Impact on Portugal's Football Ecosystem

Combined, Portugal's clubs extracted €183.252M from UEFA competitions in 2024/25, with Benfica leading at €71.434M (Champions League), Porto contributing €61.2M (also Champions League prior to this season's Europa League run), and Sporting adding €38.4M after dropping from Europe's elite tier. Braga's earlier Conference League participation netted €9.324M before this season's Europa League windfall.

These figures underscore a structural dependency: Portugal's top-flight clubs rely on European prize money to offset domestic broadcasting deals that pale next to England, Spain, Germany, Italy, and France. UEFA's Club Licensing and Financial Sustainability regulations—successors to the Financial Fair Play framework—mandate that clubs operate primarily on self-generated revenue, making continental competition not a luxury but a financial necessity for sustained competitiveness.
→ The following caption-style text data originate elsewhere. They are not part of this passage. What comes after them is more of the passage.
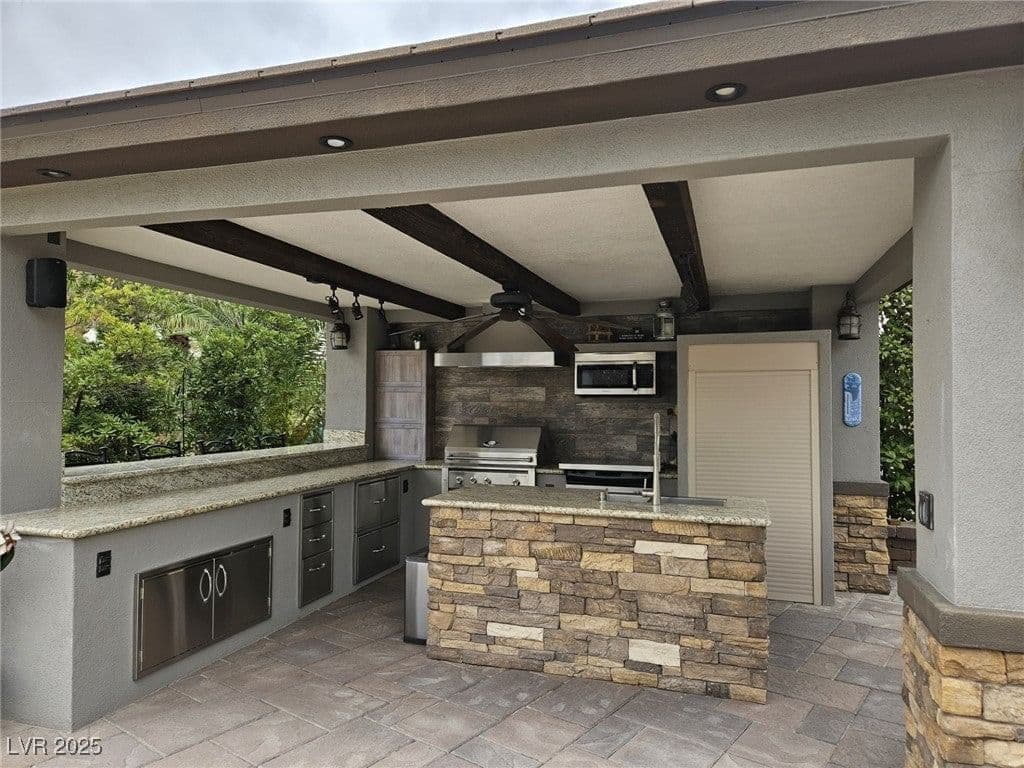 8175 Arville Street photo 3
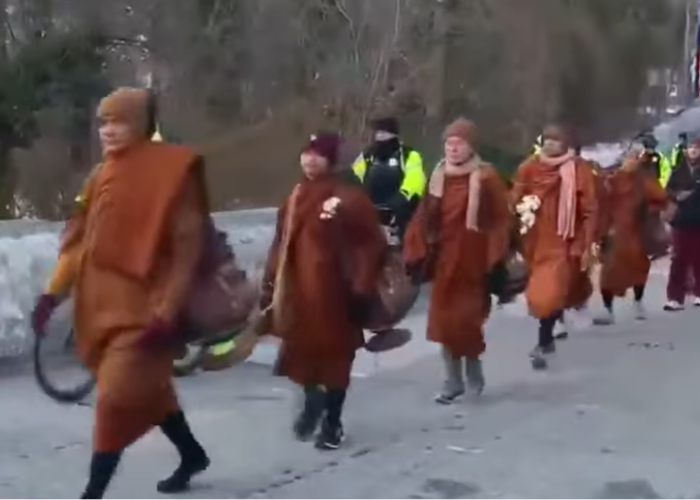 අමෙරිකාවේ සිට ආ සාම පා ගමන (VIDEO)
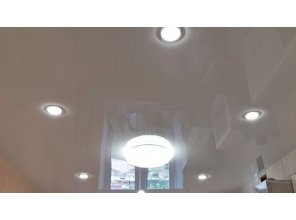 Монтаж потолка на кухне 10 м2 с использованием пленки VIPCEILING серии MONLANGE L9001 (2.60)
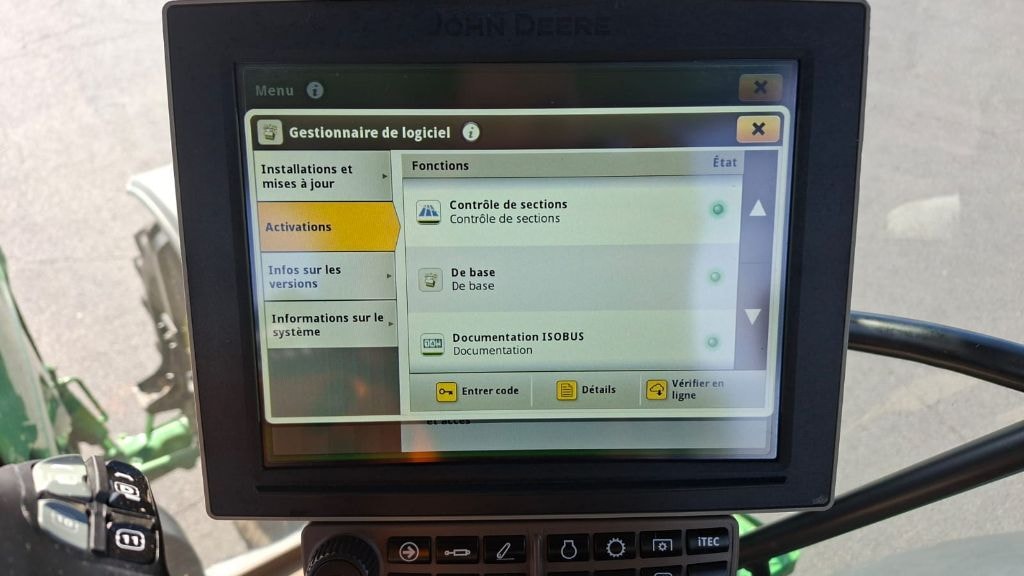 Tracteur JOHN DEERE 6250R - photo slide 16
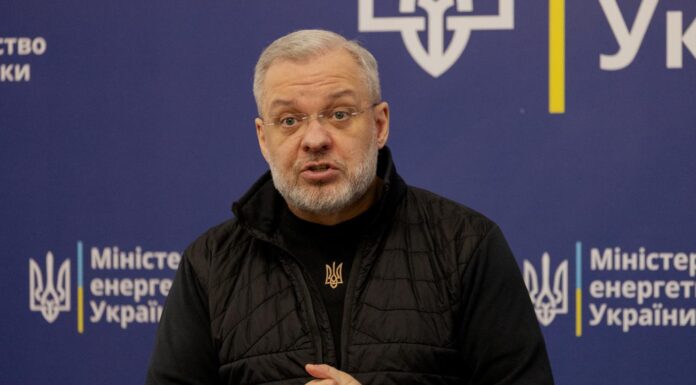 cité dans un scandale de corruption qui secoue le secteur énergétique, le ministre de la justice ukrainien a été suspendu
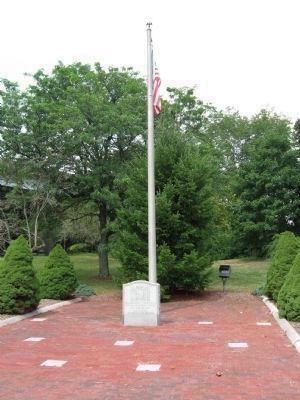 Seymour Veterans Monument image. Click for full size.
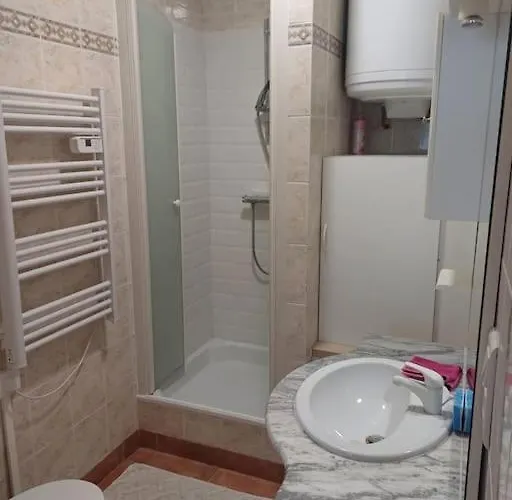 Maison - 03000 Holiday home Moulins (Allier)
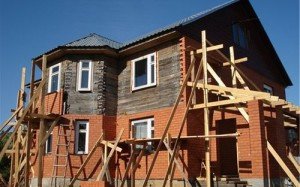 Чим покривають деревяні будинки зовні – основні варіанти. Просочення та лакофарбові покриття. Навісний та мокрий фасад. Облицювання цеглою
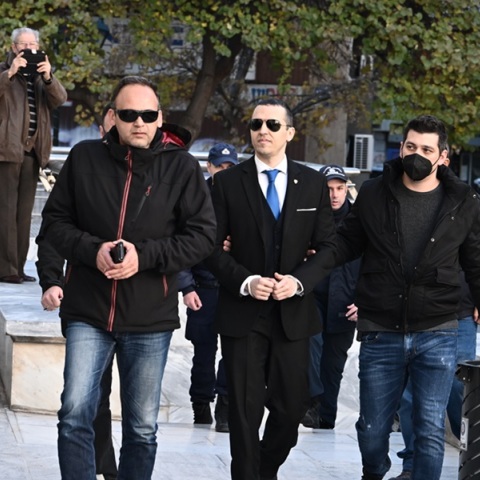 Ορκίστηκε δημοτικός σύμβουλος ο Ηλίας Κασιδιάρης © ΤΑΤΙΑΝΑ ΜΠΟΛΑΡΗ/EUROKINISSI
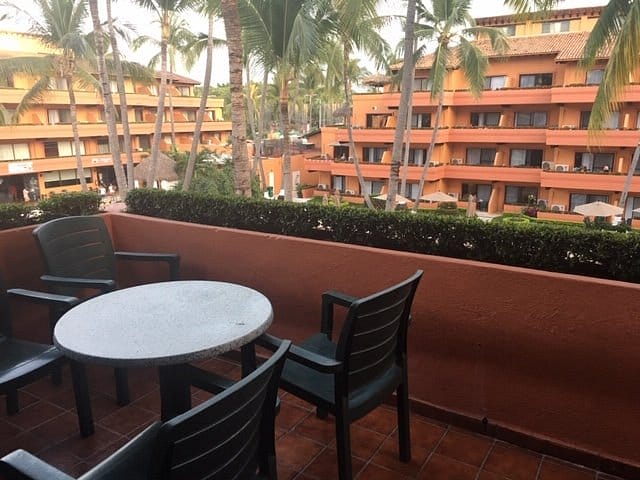 Villa Del Palmar balcony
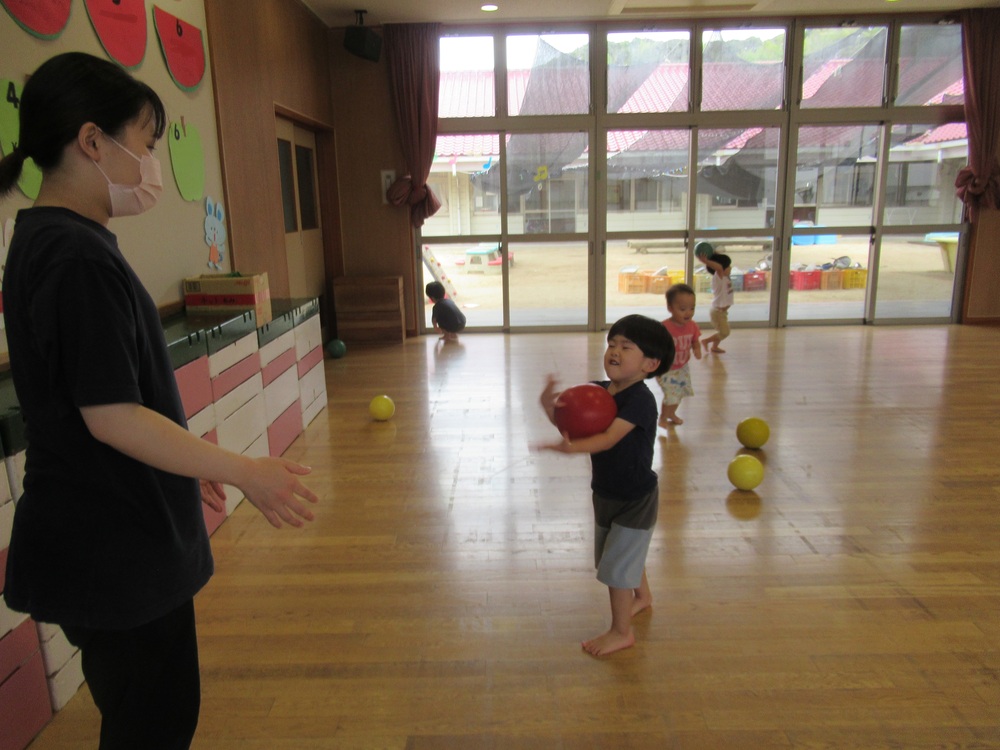 ボールで遊んでいる
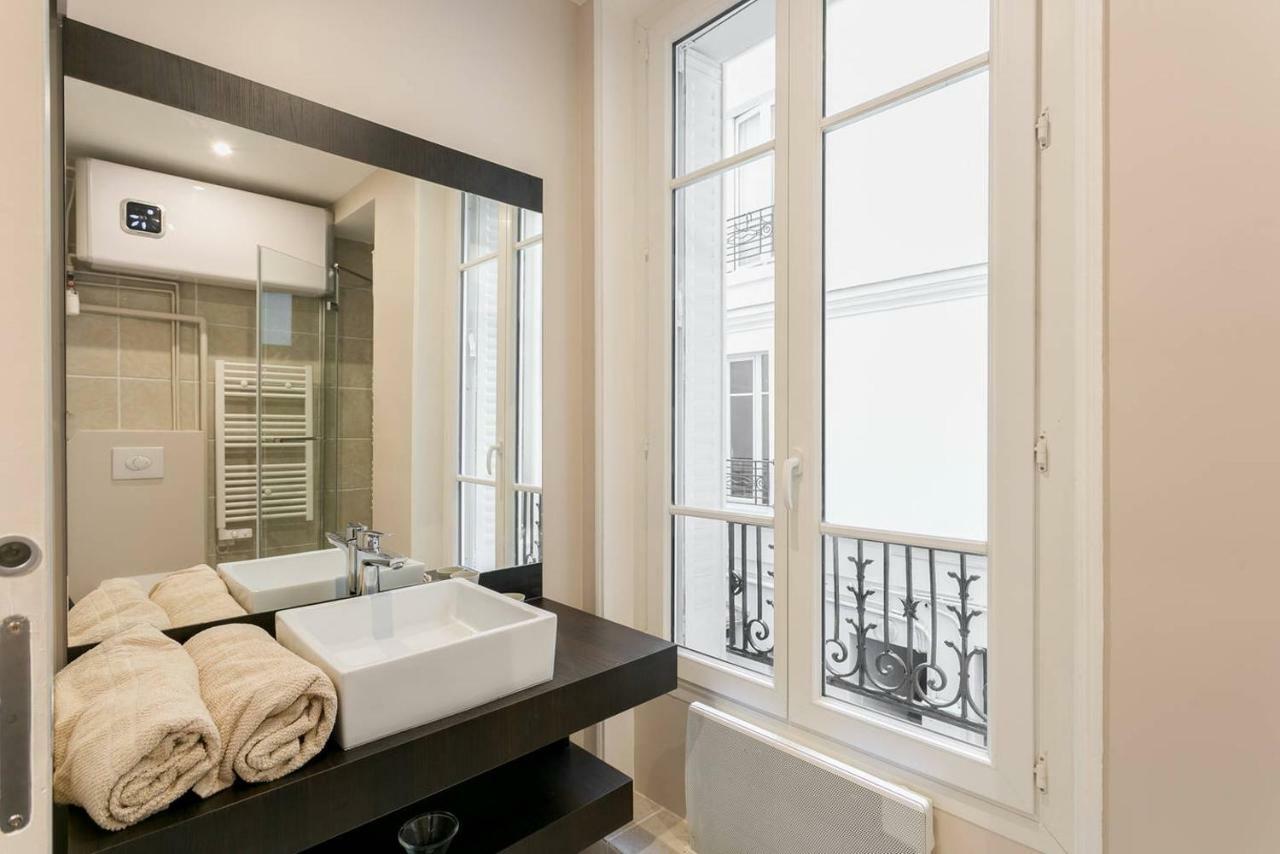 Studio Tour Eiffel Et Champs-Elysees Apartment Париж Екстериор снимка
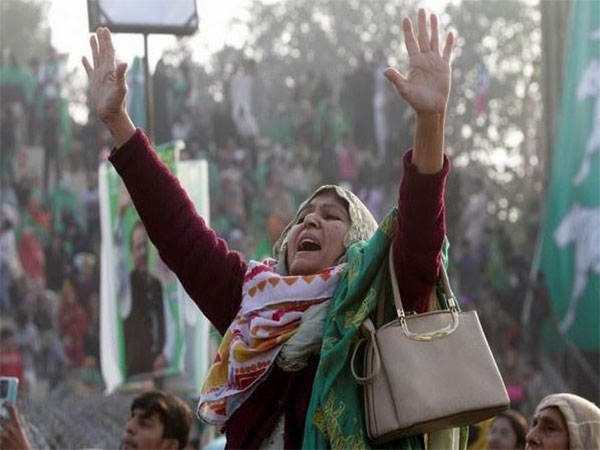 Demand for Women's Rights Boosts at Karachi Seminar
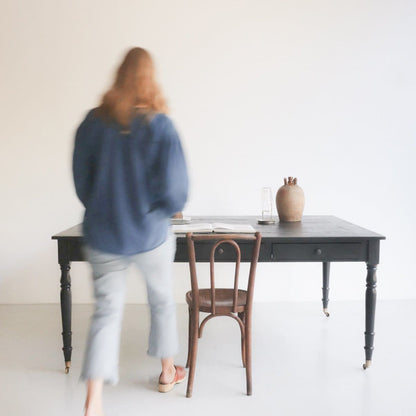 Bureau partenaire en bois récupéré d'inspiration française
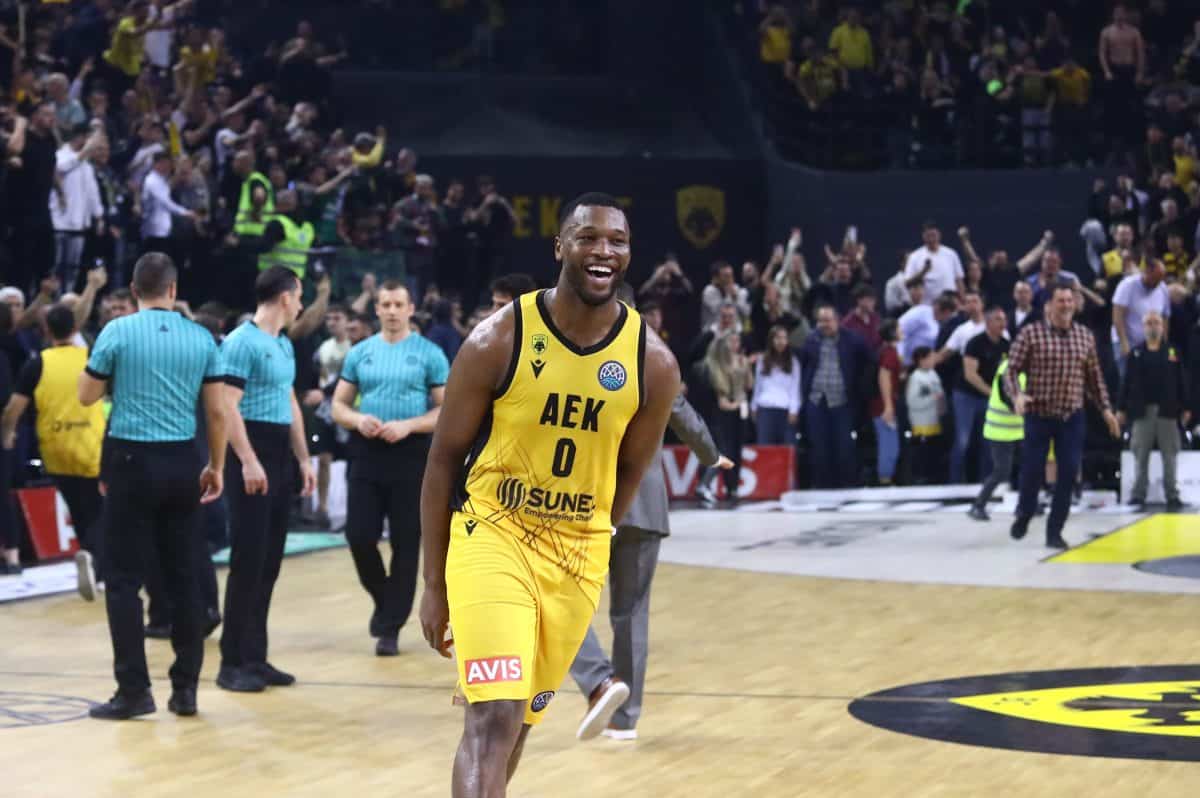 Η παρακάμερα από την επική πρόκριση της ΑΕΚ στο Final Four (VIDEO)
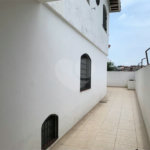 Casa espaçosa com 3 quartos, suíte, quintal e 2 vagas na Vila Santa Catarina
The Liga Portugal has championed this model publicly, framing domestic competition as a proving ground for European qualification and positioning football as a driver of social, cultural, and economic value beyond match results.

The Week Ahead

Sporting de Braga welcomes Real Betis to Estádio Municipal de Braga on Wednesday at 17:45 WEST, with the return leg scheduled for April 16 in Seville. FC Porto hosts Nottingham Forest at Estádio do Dragão on Thursday at 20:00 WEST, traveling to Nottingham for the second leg on April 16.

Advancing would not only swell club coffers but also keep alive the possibility of an all-Portuguese final in Istanbul—a repeat of 2011 that would guarantee one Portugal side lifts the trophy while securing combined revenues exceeding €50M from the semifinal stage onward. For a nation whose football economy punches above its demographic weight, the stakes extend well beyond silverware.